Dixon Technologies Shares Hit 10% Lower Circuit After Q3 Results: What Should Investors Do?
Dixon Tech Stock Tumbles
Dixon Technologies' shares experienced a sharp decline in intraday trading, hitting a 10% lower circuit at ₹15,799.05 on the BSE on Tuesday, January 21. This drop occurred despite the company reporting a 124% jump in its December quarter consolidated net profit, which reached ₹217 crore, compared to ₹97 crore in the same quarter last year.
Q3 Financial Highlights
The company's revenue from operations in Q3FY25 stood at ₹10,461 crore, a significant 117% increase from ₹4,821 crore reported in the corresponding quarter of the previous financial year. Dixon Tech also reported a 113% increase in its Earnings Before Interest, Taxes, Depreciation, and Amortisation (EBITDA) at ₹398 crore, compared to ₹187 crore in Q3FY24. However, the EBITDA margin was down 10 basis points at 3.8% in the reported quarter versus 3.9% in Q3FY24. The PAT margin was up by 10 basis points at 2.1% in the reported quarter compared to 2% in the same period last year.
Analyst Recommendations
Here’s what analysts are recommending for Dixon Tech's stock:
- Jefferies: Jefferies maintained its 'Underperform' rating on Dixon Technologies with a target price of ₹12,600. They acknowledge the earnings beat but caution that the risk-reward remains stretched due to the company’s high FY26 P/E of 106x. They also note that despite being a non-branded B2B EMS player, Dixon trades at a premium compared to branded B2C companies. Jefferies estimates a strong sales/PAT CAGR of 45%/49% over FY24-FY26, with operating margins expected to remain stable at 4%. Their target P/E of 53x aligns with historical averages for the company.
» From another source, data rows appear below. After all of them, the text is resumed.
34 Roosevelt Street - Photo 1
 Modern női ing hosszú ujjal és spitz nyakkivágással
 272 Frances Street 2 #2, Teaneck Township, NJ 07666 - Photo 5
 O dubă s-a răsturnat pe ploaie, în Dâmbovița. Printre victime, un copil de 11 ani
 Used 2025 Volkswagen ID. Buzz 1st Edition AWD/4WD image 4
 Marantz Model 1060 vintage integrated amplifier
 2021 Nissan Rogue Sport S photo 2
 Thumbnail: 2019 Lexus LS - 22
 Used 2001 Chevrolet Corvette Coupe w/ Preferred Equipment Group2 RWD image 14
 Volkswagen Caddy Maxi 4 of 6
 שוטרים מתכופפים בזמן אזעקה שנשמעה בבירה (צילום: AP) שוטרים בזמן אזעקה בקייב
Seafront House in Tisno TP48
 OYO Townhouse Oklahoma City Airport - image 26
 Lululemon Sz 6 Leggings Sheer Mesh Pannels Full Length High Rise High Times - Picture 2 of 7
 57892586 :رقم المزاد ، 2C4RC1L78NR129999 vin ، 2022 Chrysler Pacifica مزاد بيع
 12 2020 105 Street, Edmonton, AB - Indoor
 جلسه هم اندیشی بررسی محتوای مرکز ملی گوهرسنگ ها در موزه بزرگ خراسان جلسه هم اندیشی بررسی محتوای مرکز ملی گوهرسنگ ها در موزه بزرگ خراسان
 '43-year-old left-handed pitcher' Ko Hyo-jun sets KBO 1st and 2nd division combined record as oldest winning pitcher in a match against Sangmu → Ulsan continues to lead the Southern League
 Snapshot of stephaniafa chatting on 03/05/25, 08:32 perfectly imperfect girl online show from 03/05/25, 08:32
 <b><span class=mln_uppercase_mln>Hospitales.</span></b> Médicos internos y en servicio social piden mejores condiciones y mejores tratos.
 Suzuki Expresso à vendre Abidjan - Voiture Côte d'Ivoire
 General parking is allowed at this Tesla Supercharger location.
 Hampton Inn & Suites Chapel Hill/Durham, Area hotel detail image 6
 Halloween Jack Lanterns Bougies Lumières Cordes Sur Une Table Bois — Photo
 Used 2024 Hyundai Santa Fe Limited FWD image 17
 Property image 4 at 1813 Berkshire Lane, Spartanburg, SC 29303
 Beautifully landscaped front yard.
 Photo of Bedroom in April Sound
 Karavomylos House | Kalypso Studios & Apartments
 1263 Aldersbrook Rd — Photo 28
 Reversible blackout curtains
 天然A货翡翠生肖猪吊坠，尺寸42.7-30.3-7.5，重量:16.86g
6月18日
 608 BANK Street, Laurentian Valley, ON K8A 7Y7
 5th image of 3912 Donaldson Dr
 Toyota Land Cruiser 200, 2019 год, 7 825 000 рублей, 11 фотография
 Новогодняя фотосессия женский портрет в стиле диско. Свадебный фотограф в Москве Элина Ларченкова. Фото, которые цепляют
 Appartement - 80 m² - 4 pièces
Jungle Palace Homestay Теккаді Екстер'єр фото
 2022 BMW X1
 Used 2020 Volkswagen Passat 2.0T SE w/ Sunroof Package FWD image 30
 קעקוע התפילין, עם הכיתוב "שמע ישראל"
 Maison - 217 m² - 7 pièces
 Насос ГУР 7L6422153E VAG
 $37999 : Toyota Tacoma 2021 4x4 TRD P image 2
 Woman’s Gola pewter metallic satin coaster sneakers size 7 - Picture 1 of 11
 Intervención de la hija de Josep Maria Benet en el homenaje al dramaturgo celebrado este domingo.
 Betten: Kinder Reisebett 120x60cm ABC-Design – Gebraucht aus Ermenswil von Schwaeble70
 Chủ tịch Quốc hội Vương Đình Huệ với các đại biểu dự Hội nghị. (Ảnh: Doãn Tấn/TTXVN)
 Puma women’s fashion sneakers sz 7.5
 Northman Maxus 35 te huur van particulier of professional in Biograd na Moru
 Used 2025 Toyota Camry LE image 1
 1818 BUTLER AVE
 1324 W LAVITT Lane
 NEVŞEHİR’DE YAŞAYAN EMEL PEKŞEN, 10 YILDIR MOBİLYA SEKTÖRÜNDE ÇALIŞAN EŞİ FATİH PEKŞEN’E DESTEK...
- Nuvama: Nuvama maintained its 'Hold' rating on Dixon Technologies with a target price of ₹18,790. While the firm noted a 117% YoY revenue growth, primarily driven by the Mobile and EMS segments, they have revised their FY25-27 estimates downward by 3%-7% due to factors such as Ismartu consolidation, the Vivo JV, and muted demand in consumer appliances. Additionally, Dixon's plans to enter display fab manufacturing, capitalizing on available incentives, were also noted.